The preferred and traditional way to enjoy sorrel is with Wray and Nephew overproof white rum. We always keep half a batch reserved without alcohol for those who don’t want to imbibe, or leave the bottle within reach of the pitcher so you can stir in your preferred amount of booze (remember: a little bit goes a long way). Whether your sorrel is spiked or virgin, though, you'll still want to clink and stir your ice in the glass so it dilutes a bit as you drink.
Why It Works
- A short boil hydrates the sorrel, kicking off the infusion.
- A long, cold steep ensures full flavor and color extraction.
- Simple syrup makes it easy to sweeten to taste, with no need to wait for sugar to dissolve.
- Yield:Makes about 3 quarts
- Active time: 25 minutes
- Total time:10 hours
- 5 1/4 ounces (150g; about 3 cups) dried sorrel (hibiscus), rinsed with cold water in a colander or strainer
- 3/4 pound (350g) peel-on fresh ginger, washed and grated (see note)
- 10 whole cloves
- 10 allspice berries, roughly crushed with the side of a knife
- 1 pound 1 1/2 ounces (495g; about 2 1/2 cups) sugar
In a 4- or 5-quart pot or Dutch oven, bring 3 quarts water to a boil. Add sorrel, grated ginger, cloves, and crushed allspice, and boil until the sorrel begins to plump and swell, about 8 minutes.

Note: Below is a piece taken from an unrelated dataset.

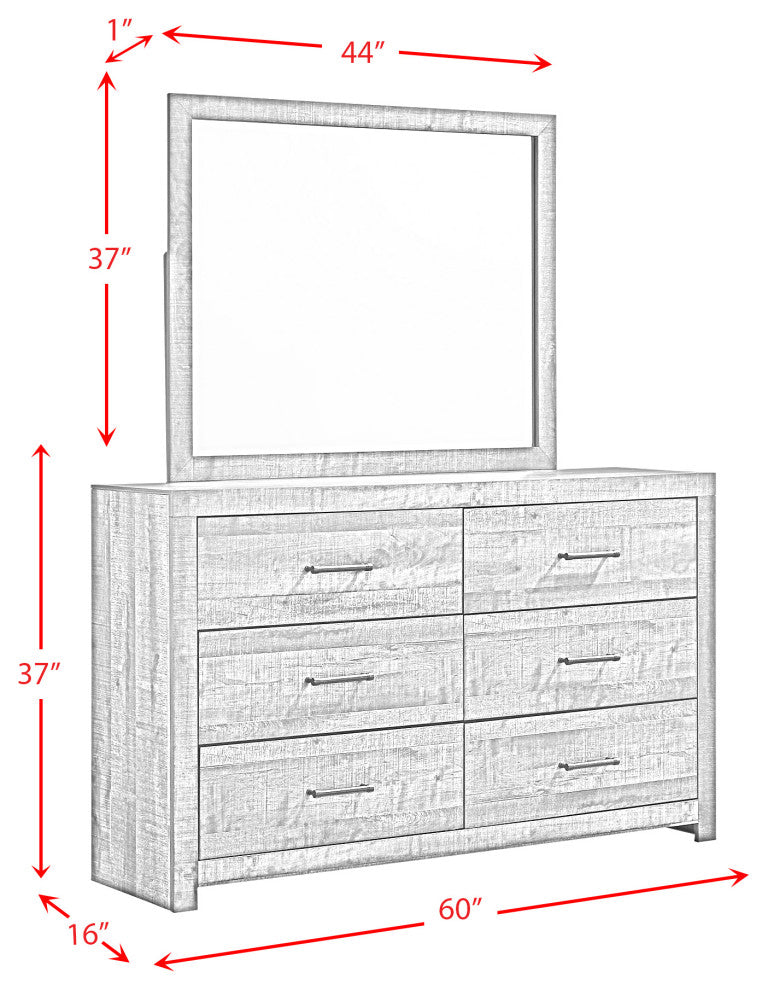 Picket House Furnishings Beckett Bookcase Panel 6PC Bedroom Set with Bluetooth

Remove from heat and let stand until cooled, then continue to steep in an airtight vessel in the refrigerator for at least 8 hours and up to 3 days.

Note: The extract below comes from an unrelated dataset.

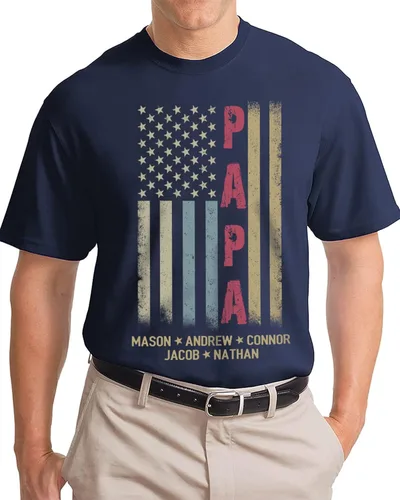 Miniatura 2 de Personalized Grandpa Papa Dad Kids Grandkids with Name T-Shirt, Custom Grandpa Papa Fathers Day Christmas Birthday Gifts.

Strain the liquid through a fine-mesh strainer or through cheesecloth into a large pitcher, pressing on solids to express as much liquid as possible. If needed, strain again until it is clear of any ginger remnants. Discard solids.
In a 2-quart saucepan, bring 2 cups of water to a boil with the sugar. Continue to cook, stirring, until sugar has completely dissolved. Remove simple syrup from heat.
Stir simple syrup into the strained sorrel, 1/2 cup at a time, until desired sweetness level is reached.
Chill until ready to drink. Serve over ice.